# EXERCISE INSTRUCTIONS
For this exercise, please find the lines in the entries that include the word "DERECHO" and copy them.

# PROVIDED INFORMATION
——
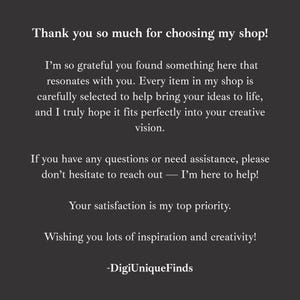 May include: A dark grey graphic with white text. The text says: "Thank you so much for choosing my shop!" and other supportive messages. The shop's name, "-DigiUniqueFinds", is at the bottom.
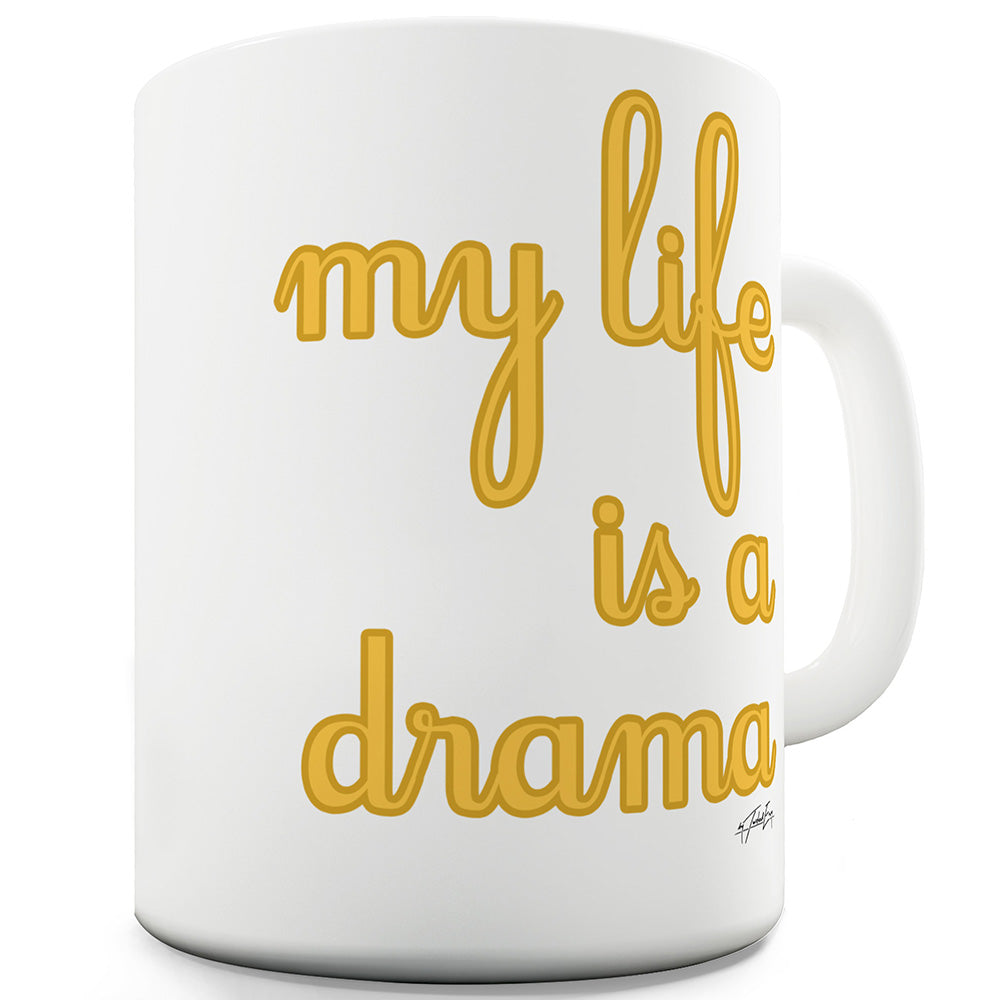 My Life Is A Drama Small Print Funny Coffee Mug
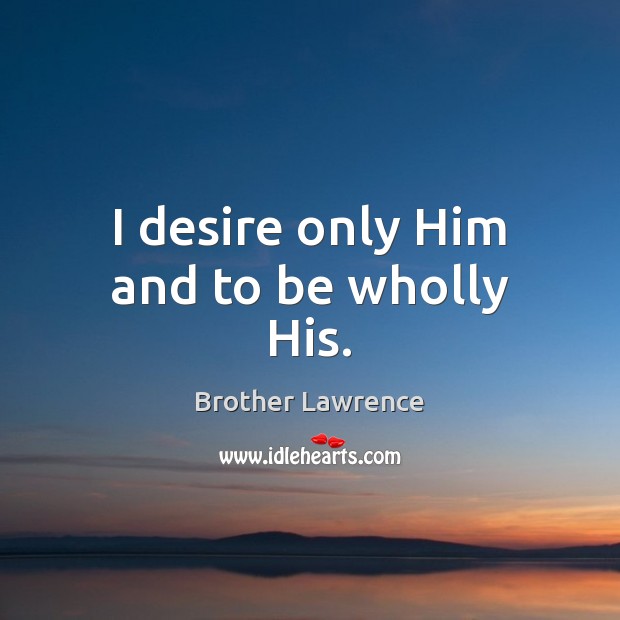I desire only Him and to be wholly His. Brother Lawrence Picture Quote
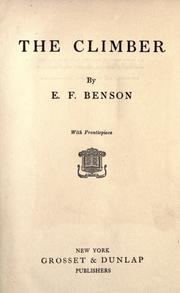 Cover of: The climber by E. F. Benson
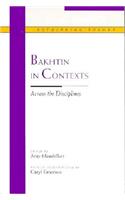 Bakhtin in Contexts: Across the Disciplines(Rethinking Theory)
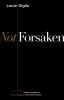 Go to record Not forsaken : finding freedom as sons & daughters of a pe...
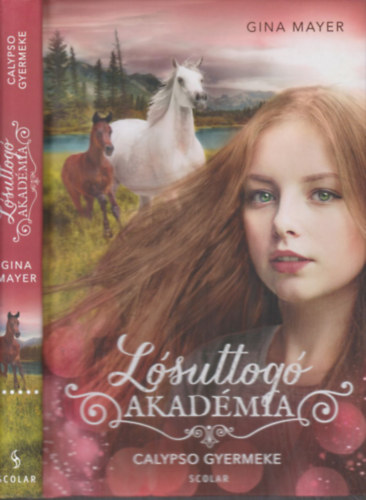 Gina Mayer - Calypso gyermeke - Lsuttog Akadmia 6.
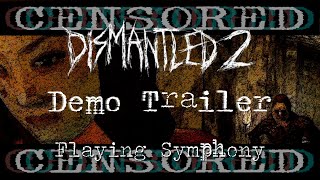 Dismantled 2 Demo Flaying Symphony Trailer Version 01 CENSORED [upl. by Shep]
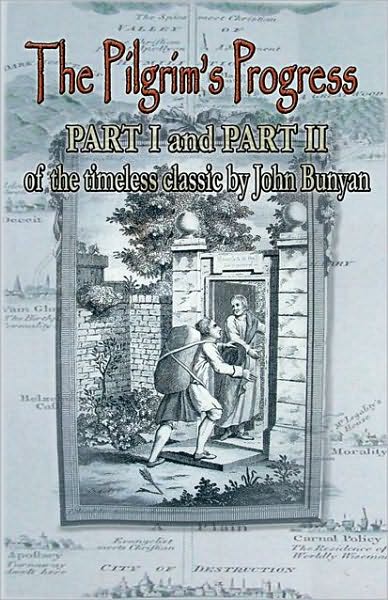 Pilgrim's Progress, Parts 1 and 2 with detailed Table of Contents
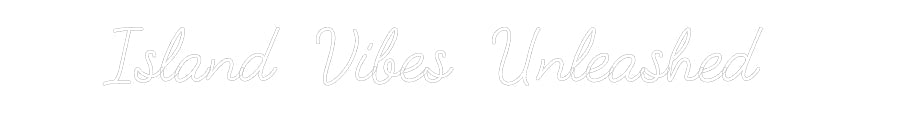 Customized Neon Sign: Island Vibes ...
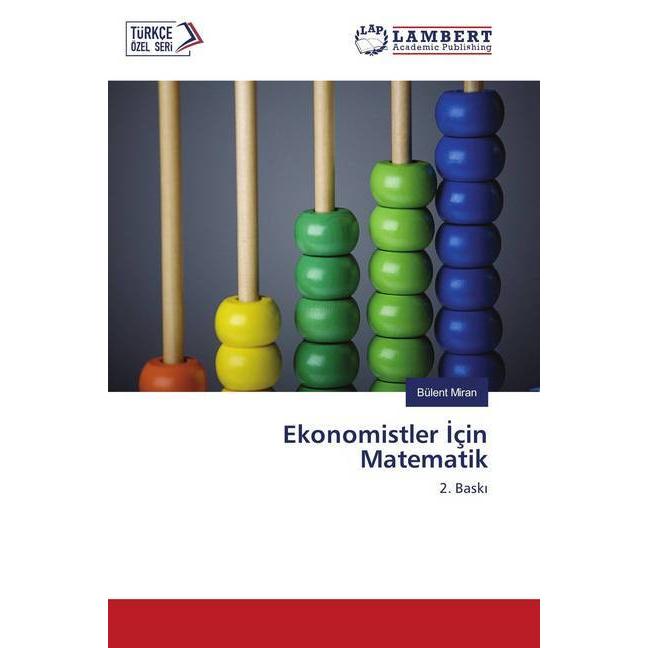 Ekonomistler Için Matematik, Fachbücher von Bülent Miran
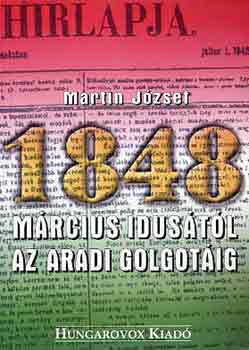 Martin Jzsef - Mrcius idustl az aradi Golgotig
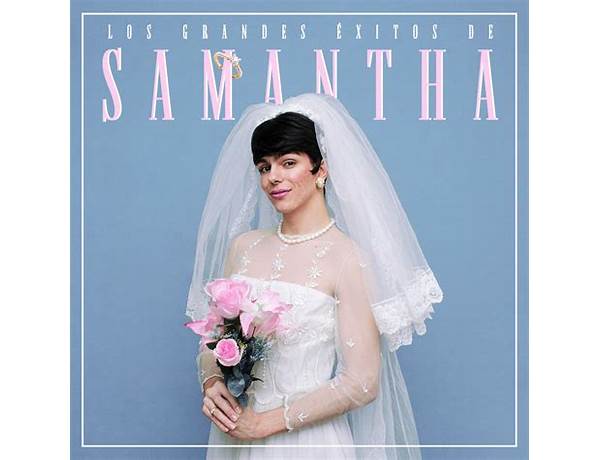 Album: Los Grandes Éxitos De Samantha, musical term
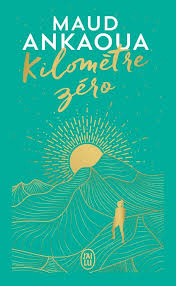 Kilomètre Zéro - Édition Collector: Le chemin du bonheur : Ankaoua, Maud:  Amazon.fr: Livres
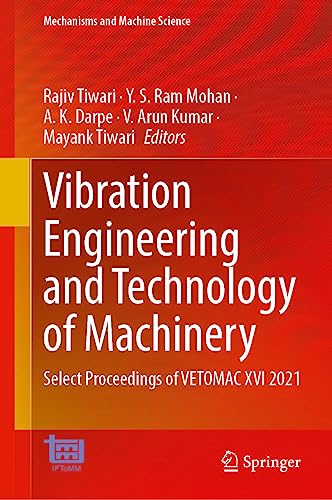 Vibration Engineering and Technology of Machinery, Volume I Select Proceedings of VETOMAC XVI 2021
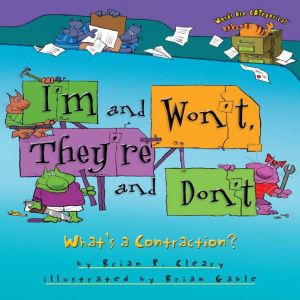 I'm and Won't, They're and Don't: What's a Contraction?, Brian P. Cleary
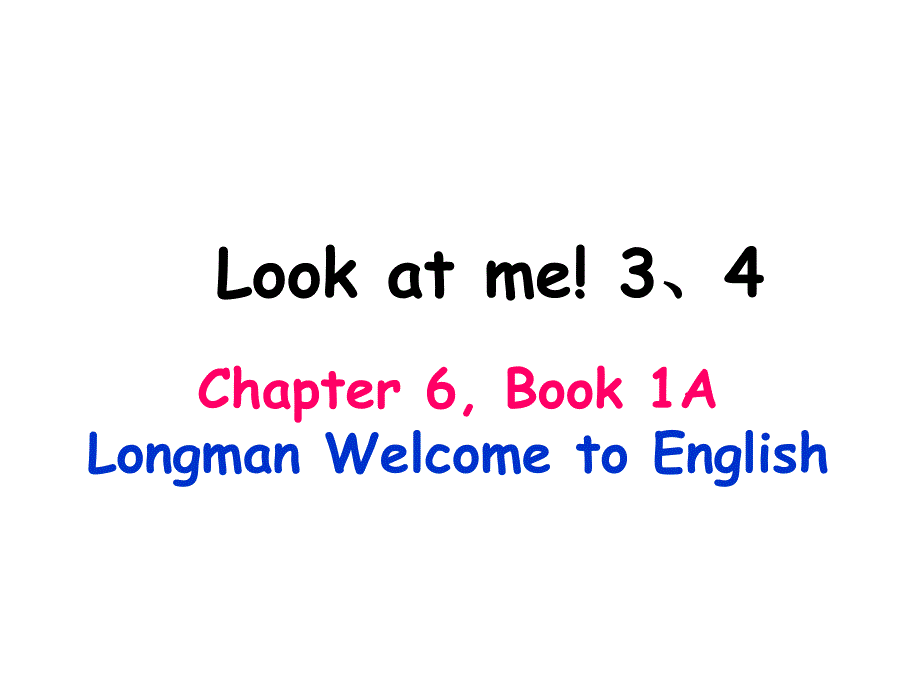 1A Chapter6 Look at Me 第三、四课时_第1页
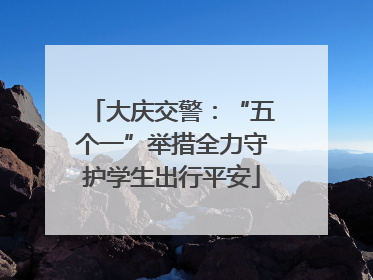 大庆交警：“五个一”举措全力守护学生出行平安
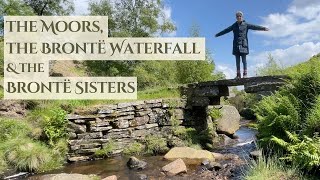 The Moors the Brontë Waterfall amp the Brontë Sisters [upl. by Ecinaej]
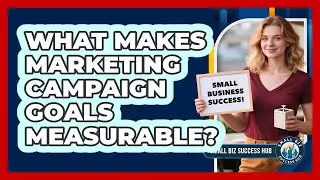 What Makes Marketing Campaign Goals Measurable?
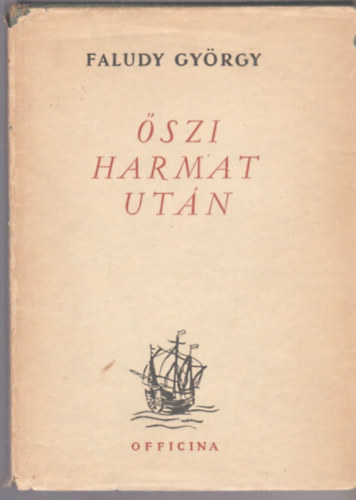 Faludy György - Őszi harmat után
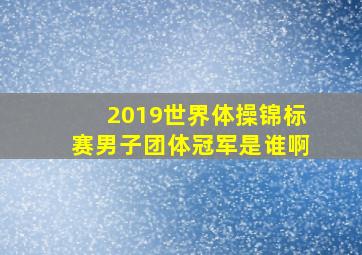 2019世界体操锦标赛男子团体冠军是谁啊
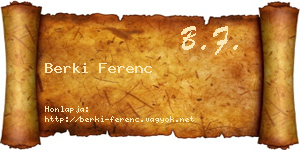 Berki Ferenc névjegykártya
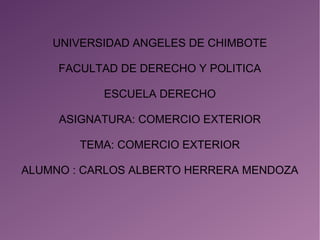 UNIVERSIDAD ANGELES DE CHIMBOTE
FACULTAD DE DERECHO Y POLITICA
ESCUELA DERECHO
ASIGNATURA: COMERCIO EXTERIOR
TEMA: COMERCIO EXTERIOR
ALUMNO : CARLOS ALBERTO HERRERA MENDOZA
 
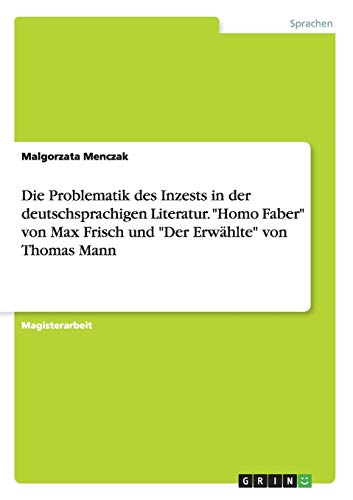 Die Problematik des Inzests in der deutschsprachigen Literatur. Homo Faber von Max Frisch und Der Erwählte von Thomas Mann: Magisterarbeit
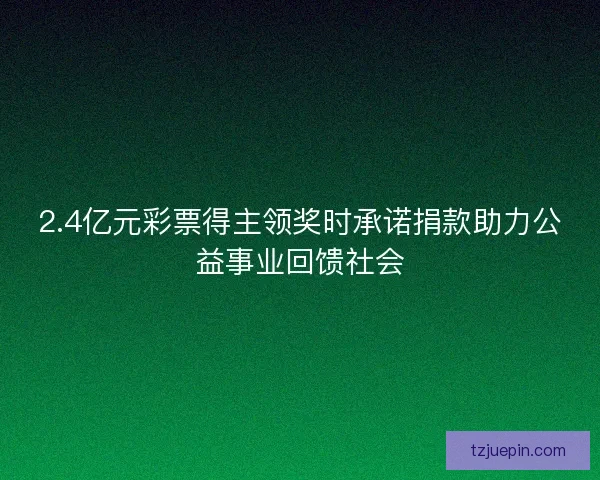 2.4亿元彩票得主领奖时承诺捐款助力公益事业回馈社会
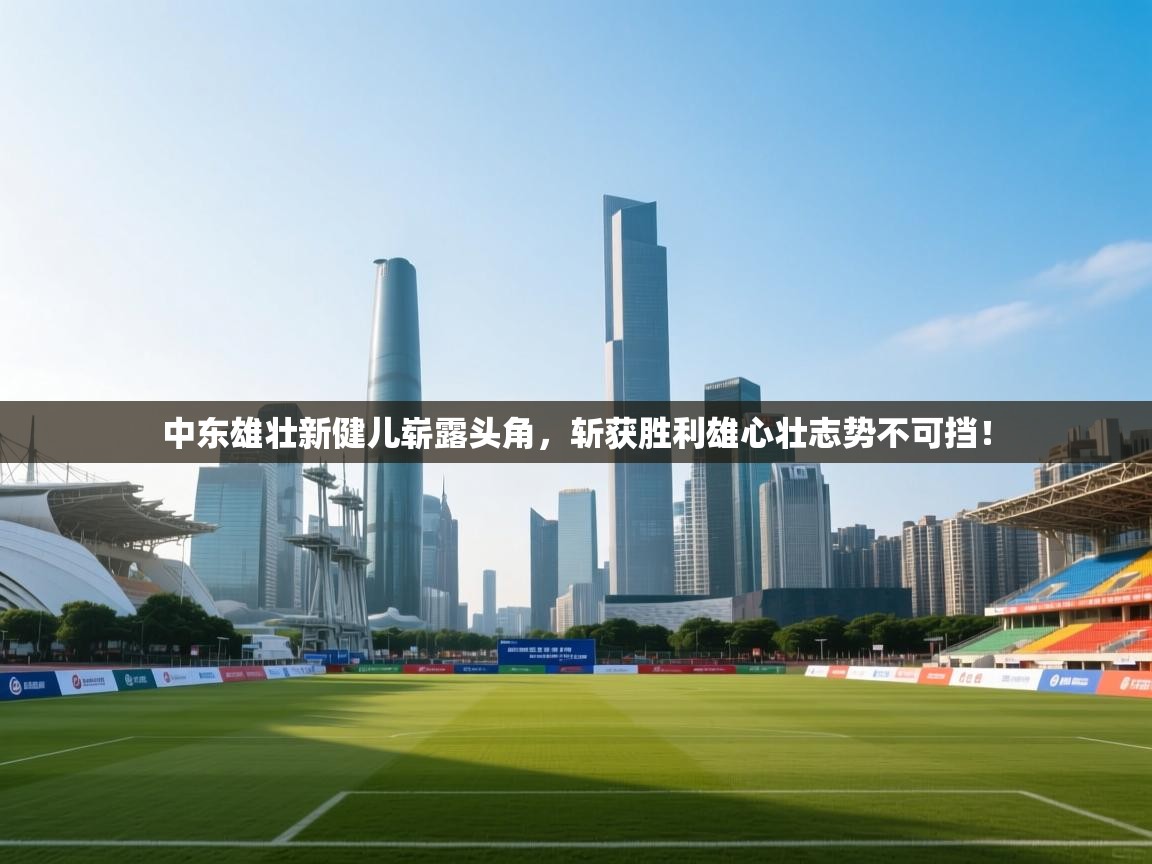 中东雄壮新健儿崭露头角，斩获胜利雄心壮志势不可挡！  第1张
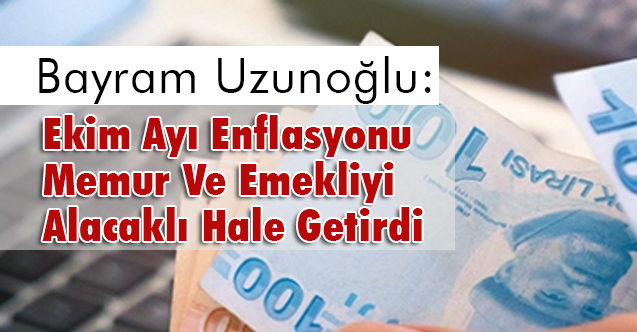 Ekim Ayı Enflasyonu Memur Ve Emekliyi Alacaklı Hale Getirdi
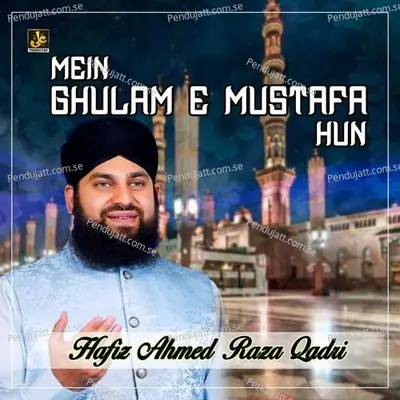 Mein Ghulam E Mustafa Hun - Hafiz Ahmed Raza Qadri album cover 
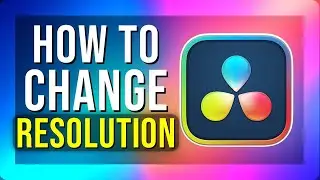 How to Change Resolution in DaVinci Resolve 20 (2026)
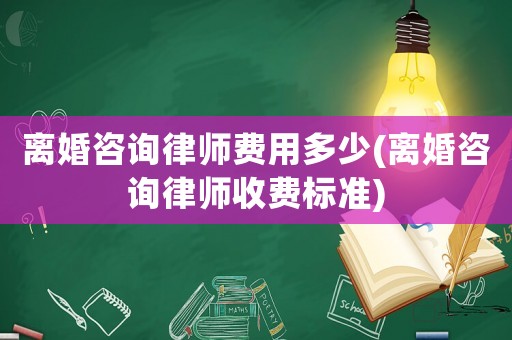 離婚咨詢律師費用多少(離婚咨詢律師收費標準)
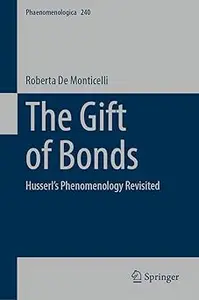 The Gift of Bonds: Husserl's Phenomenology Revisited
——
# SOLUTION TO THE PROBLEM
FACULTAD DE DERECHO Y POLITICA
ESCUELA DERECHO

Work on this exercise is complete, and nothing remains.